Waller Daniel D, Jansen Gregor, Golizeh Makan, Martel-Lorion Chloe, Dejgaard Kurt, Shiao Tze Chieh, Mancuso John, Tsantrizos Youla S, Roy René, Sebag Michael, Sleno Lekha, Thomas David Y
Department of Medicine, McGill University, 1001 Boulevard Décarie, Montréal, QC, H4A 3J1, Canada.
Department of Biochemistry, McGill University, 3655 Promenade Sir William Osler, Montréal, QC, H3G 1Y6, Canada.
Chembiochem. 2016 May 3;17(9):843-51. doi: 10.1002/cbic.201500485. Epub 2016 Mar 7.

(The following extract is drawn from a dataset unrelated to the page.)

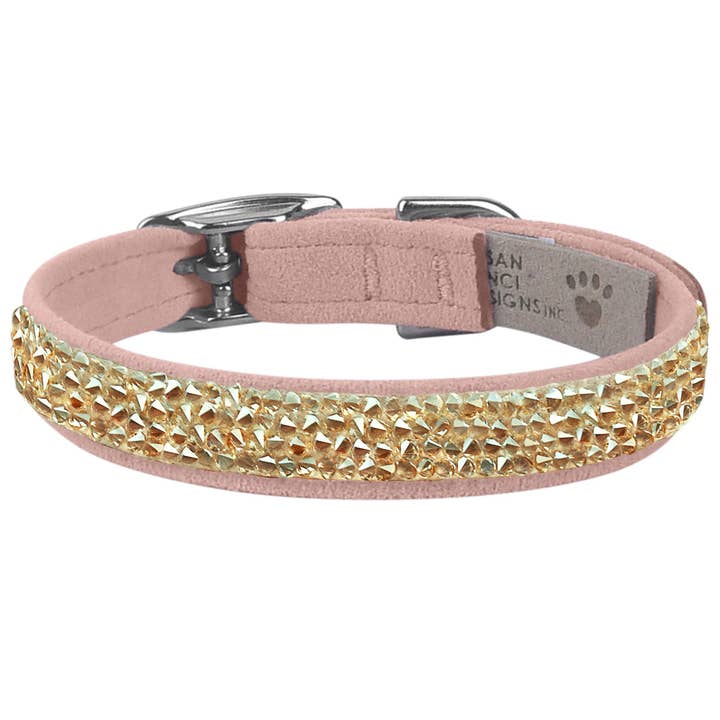 Susan Lanci Designs - Wholesale Pet Collar - Dog - Gold Puparoxy Collar9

The unfolded protein response (UPR) initiated by the transmembrane kinase/ribonuclease Ire1 has been implicated in a variety of diseases. Ire1, with its unique position in the UPR, is an ideal target for the development of therapies; however, the identification of specific kinase inhibitors is challenging. Recently, the development of covalent inhibitors has gained great momentum because of the irreversible deactivation of the target. We identified and determined the mechanism of action of the Ire1-inhibitory compound UPRM8. MS analysis revealed that UPRM8 inhibition occurs by covalent adduct formation at a conserved cysteine at the regulatory DFG+2 position in the Ire1 kinase activation loop. Mutational analysis of the target cysteine residue identified both UPRM8-resistant and catalytically inactive Ire1 mutants. We describe a novel covalent inhibition mechanism of UPRM8, which can serve as a lead for the rational design and optimization of inhibitors of human Ire1.